What Your Teachers & Administrators Need To Know About Your Kid

ALTHOUGH A NEW SCHOOL YEAR IS A FRESH START, IT CAN TAKE SOME ADJUSTING FOR EVERYONE. AS A PARENT, YOU CAN OPEN UP WITH TEACHERS AND SHARE INSIGHTS ABOUT YOUR CHILD TO ENSURE THE NEW ACADEMIC YEAR IS OFF TO THE RIGHT START FROM THE BEGINNING.

Posh Seven spoke with Loudoun County teachers and administrators to find out what, specifically, parents should share with educators in the first few weeks of school.

THEIR ROUTINES AND FAMILY LIFE
Teachers typically only see their students in the classroom setting and want to understand life at home. Dawn Blevins is a 4th grade teacher at Guilford Elementary, a Title 1 school in Sterling. She said parents should share everything about their kid and home life, from whether they eat breakfast to who lives at home. Knowing the answers to these types of questions helps a teacher understand what support students have when they leave the classroom as well as their immediate needs. “Children cannot learn if immediate needs are not met,” said Blevins.

Other tidbits worth sharing are: if parents work, who helps with homework, whether English is the primary language, if a child lives with both parents, and how they’re getting to and home from school. Educators encourage a consistent routine from day one, particularly for younger aged children.

PRIOR LEARNING EXPERIENCES
Teachers will have a snapshot of a student’s educational journey, but they may not know how the student got to that point. Sharing how your child learns best could better prepare a teacher to adapt to his or her specific needs.

“It is always helpful to know which type of learner the student is (auditory, visual, kinesthetic),” said John Tuck, assistant principal at Rolling Ridge Elementary in Sterling and former 5th grade teacher. “There were years that I had to find a song for every single topic and other years where material had to be presented with a side-by-side visual because that is how the majority of my students learned best.”

TELL THEM WHAT MOTIVATES YOUR KID
You’ve been raising your kid way before the teacher has come into the picture. That makes you an expert in your child. Share with teachers what has personally worked for you and even what hasn’t when it comes to motivation. This will eliminate some of the guesswork and trial and error for teachers. “Some students are easily motivated but, for others, it takes a little bit more to peel back the layers to see what is going to get them going,” said Tuck.

Maybe it’s rewarding them with stickers, a word of positivity, or sharing a personal story that resonates with your kid. Whatever it may be, share it with your child’s teacher.

THEIR INTERESTS
Compile a list of extracurricular activities, such as sports and other hobbies, that bring happiness and joy into your child’s life. Teaching is all about relationships, and knowing this information can help a teacher make a connection early on in the school year and encourage your child to work extra hard. “It is truly amazing what a student will accomplish if they want to do well for both themselves and the teacher,” said Tuck.

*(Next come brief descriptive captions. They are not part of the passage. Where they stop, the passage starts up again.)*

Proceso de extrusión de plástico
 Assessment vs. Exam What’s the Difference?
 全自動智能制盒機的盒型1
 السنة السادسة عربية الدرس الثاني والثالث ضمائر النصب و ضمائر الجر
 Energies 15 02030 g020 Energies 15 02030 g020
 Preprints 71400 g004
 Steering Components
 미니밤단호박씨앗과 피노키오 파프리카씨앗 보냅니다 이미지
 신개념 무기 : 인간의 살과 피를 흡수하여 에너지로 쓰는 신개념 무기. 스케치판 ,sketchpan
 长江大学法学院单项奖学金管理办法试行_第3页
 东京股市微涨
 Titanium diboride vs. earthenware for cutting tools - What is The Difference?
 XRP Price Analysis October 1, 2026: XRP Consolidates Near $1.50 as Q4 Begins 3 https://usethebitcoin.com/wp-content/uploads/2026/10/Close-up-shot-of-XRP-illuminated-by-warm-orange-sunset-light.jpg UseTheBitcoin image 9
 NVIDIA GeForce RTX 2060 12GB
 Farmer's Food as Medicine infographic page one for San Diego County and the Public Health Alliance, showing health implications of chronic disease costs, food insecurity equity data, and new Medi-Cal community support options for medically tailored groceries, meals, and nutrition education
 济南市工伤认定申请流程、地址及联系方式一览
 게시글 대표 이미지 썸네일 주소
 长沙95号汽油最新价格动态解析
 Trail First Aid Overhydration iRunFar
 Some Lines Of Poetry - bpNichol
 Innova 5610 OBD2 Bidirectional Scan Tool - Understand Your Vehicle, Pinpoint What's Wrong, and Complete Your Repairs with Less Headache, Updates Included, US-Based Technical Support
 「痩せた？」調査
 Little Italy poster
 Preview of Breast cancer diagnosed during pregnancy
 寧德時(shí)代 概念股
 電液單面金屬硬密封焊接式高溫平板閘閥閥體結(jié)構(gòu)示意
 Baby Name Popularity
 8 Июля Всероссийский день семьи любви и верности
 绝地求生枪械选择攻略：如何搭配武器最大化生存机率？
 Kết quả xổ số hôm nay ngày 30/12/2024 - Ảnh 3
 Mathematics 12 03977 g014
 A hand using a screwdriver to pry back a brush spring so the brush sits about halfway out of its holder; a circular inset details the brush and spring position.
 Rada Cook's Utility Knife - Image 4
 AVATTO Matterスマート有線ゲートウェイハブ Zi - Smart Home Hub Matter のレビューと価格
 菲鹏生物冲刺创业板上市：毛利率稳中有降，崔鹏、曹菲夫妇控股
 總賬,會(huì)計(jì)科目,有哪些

Many teachers attend school performances or sporting events to show their support for students and build a trusting relationship. Help them establish this bond.

ANYTHING ELSE THAT’S NOT ON A STANDARD SCHOOL DOCUMENT
Typically papers will go home that will cover miscellaneous information for the teacher to get to know your child. If there is something that has developed over the summer or you failed to mention previously, go ahead and share. Whether it’s a major change in the family, or a health or behavioral issue, the ideal scenario is to inform everyone at the start of the school year to open the line of communication.